> **ACTION ITEM**: These records are to be written out exactly as they read, minus the pictures.

> **SOURCE DATA**:

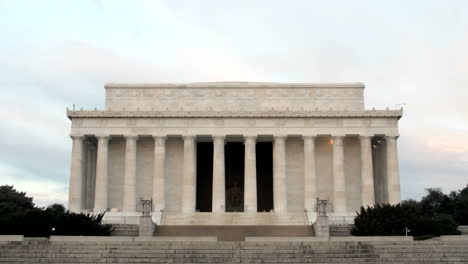 pedestrians and tourists walk around and through the lincoln memorial in washington dc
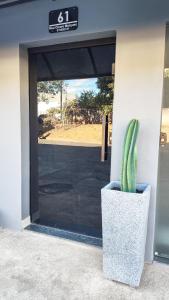 a cactus in a pot sitting in front of a door at Studio 61- No Coração de Curvelo in Curvelo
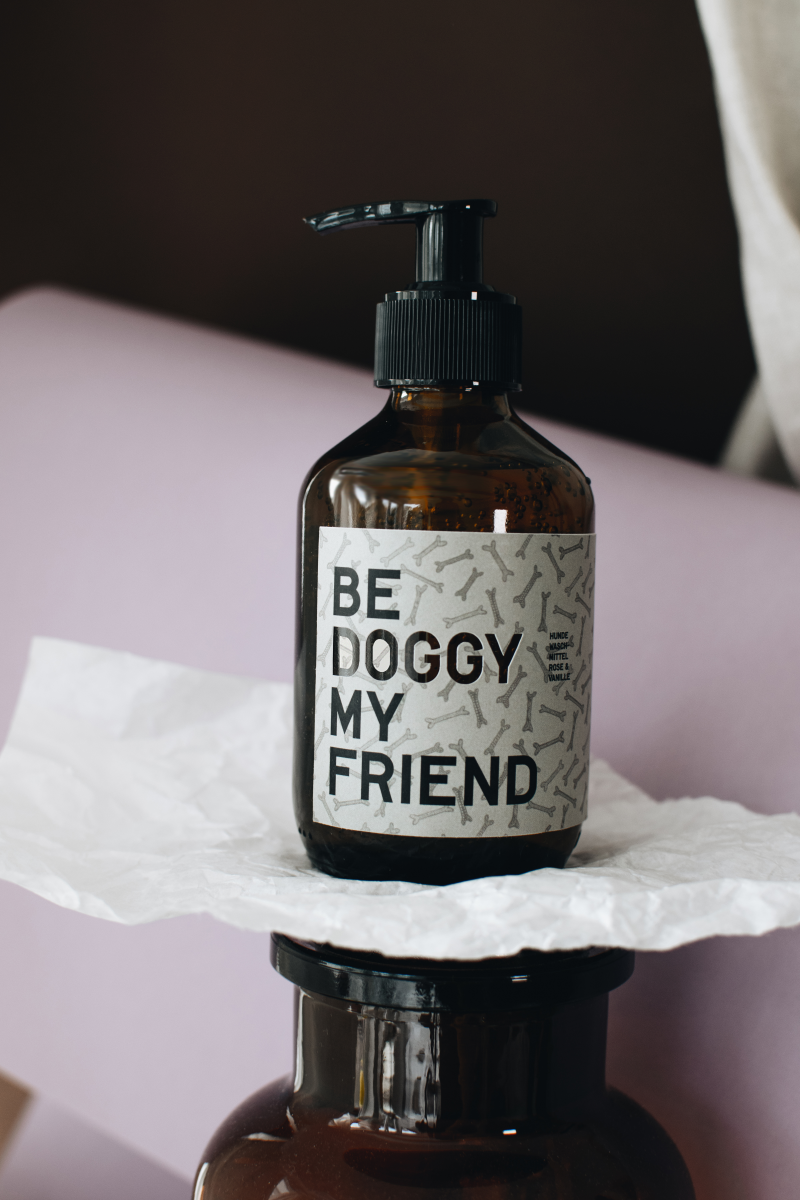 Amber pump bottle labeled "Be Doggy My Friend" on a crumpled white paper with soft pink and beige background.
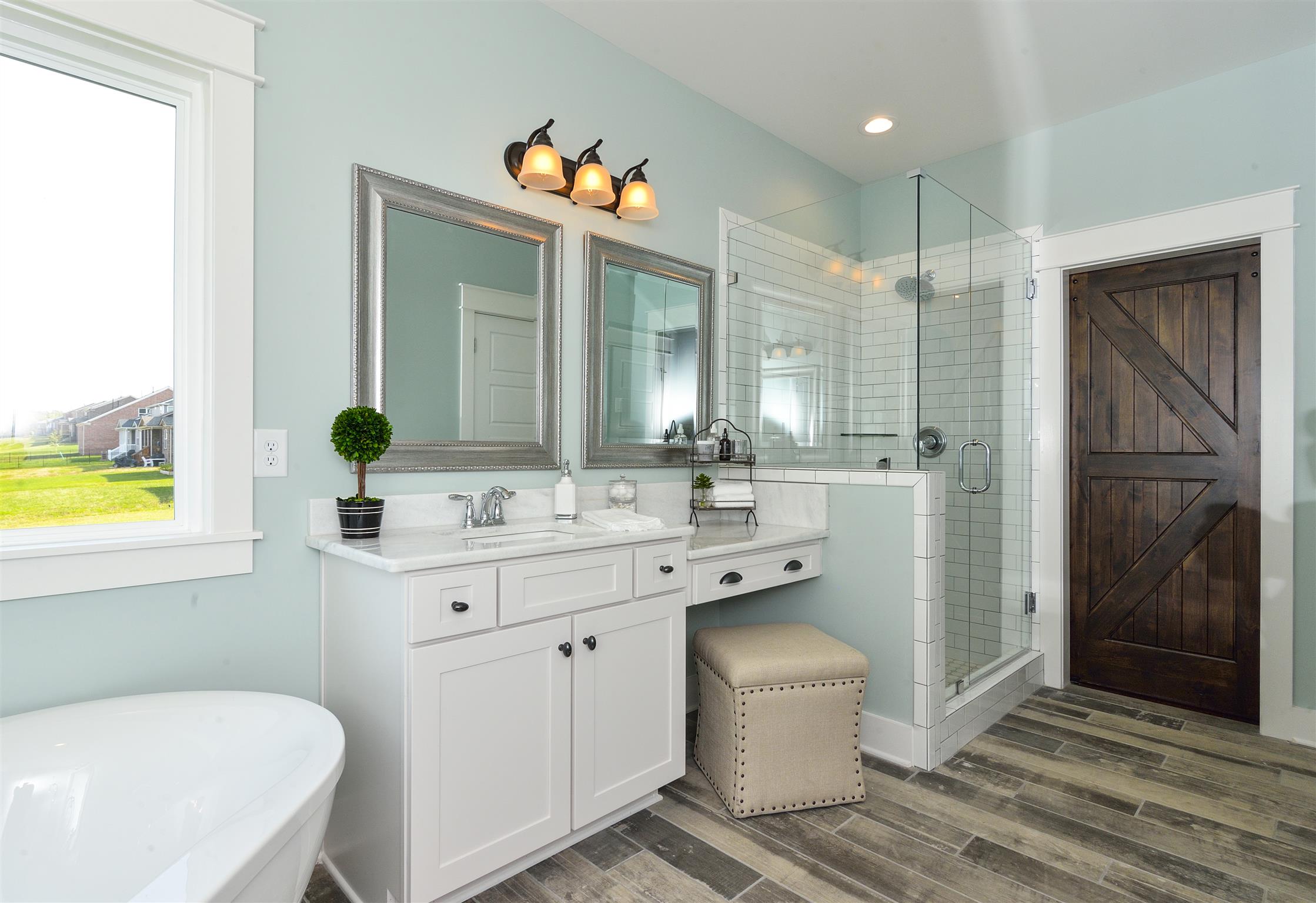 87 Truman Road East Franklin, TN 37064 - Photo 20 of 23 Large vanity area looking into shower with frameless glass.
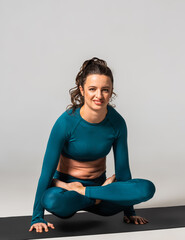 Fototapeta premium A beautiful woman is exercising in a yoga class for weight loss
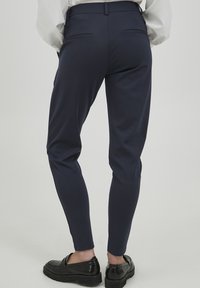 Námořnické slim-fit kalhoty s hladkým povrchem, se dvěma zadními kapsami a středním pasem. Noseny s černými platformovými botami.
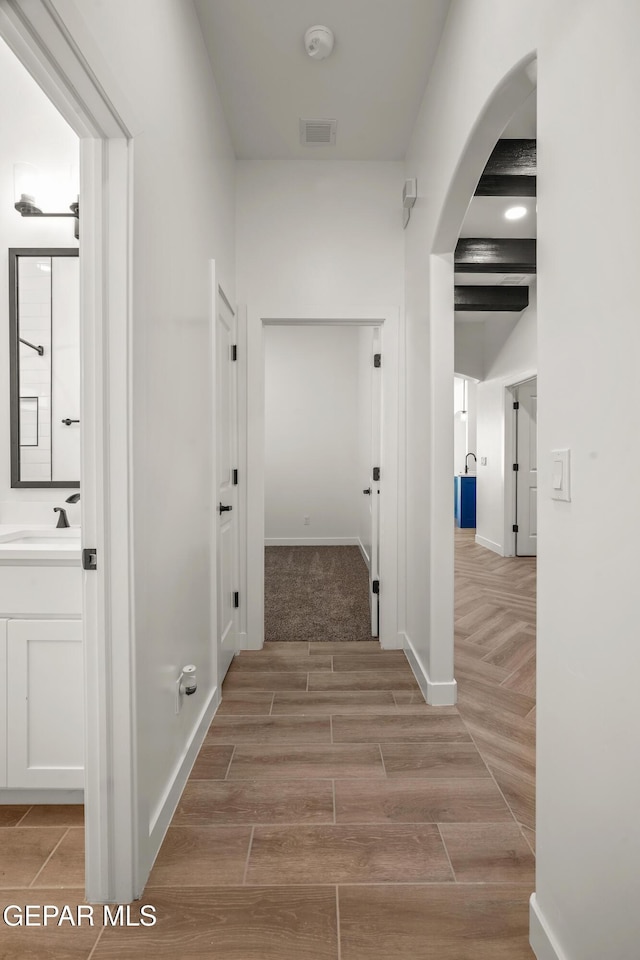 hallway with visible vents, a sink, arched walkways, baseboards, and wood tiled floor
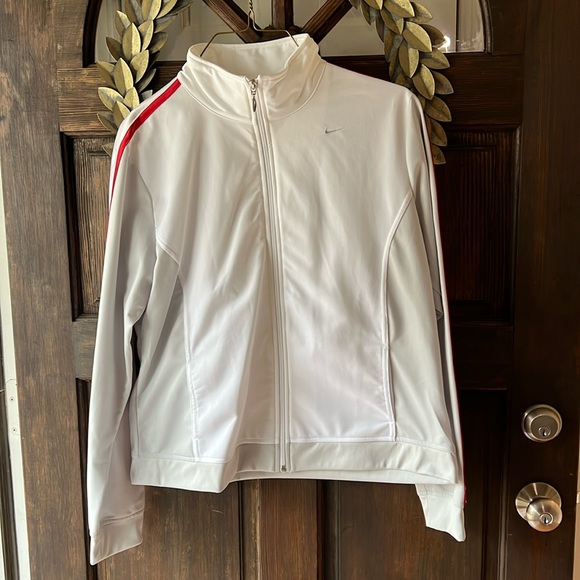 Nike Jackets & Blazers - NWOT- Nike track jacket with red stripes down sleeve. Zips to bottom. 2 Pockets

> **ANSWER BOX**:
 pedestrians and tourists walk around and through the lincoln memorial in washington dc
 a cactus in a pot sitting in front of a door at Studio 61- No Coração de Curvelo in Curvelo
 Amber pump bottle labeled "Be Doggy My Friend" on a crumpled white paper with soft pink and beige background.
 87 Truman Road East Franklin, TN 37064 - Photo 20 of 23 Large vanity area looking into shower with frameless glass.
 Fototapeta premium A beautiful woman is exercising in a yoga class for weight loss
 Námořnické slim-fit kalhoty s hladkým povrchem, se dvěma zadními kapsami a středním pasem. Noseny s černými platformovými botami.
 hallway with visible vents, a sink, arched walkways, baseboards, and wood tiled floor
 Nike Jackets & Blazers - NWOT- Nike track jacket with red stripes down sleeve. Zips to bottom. 2 Pockets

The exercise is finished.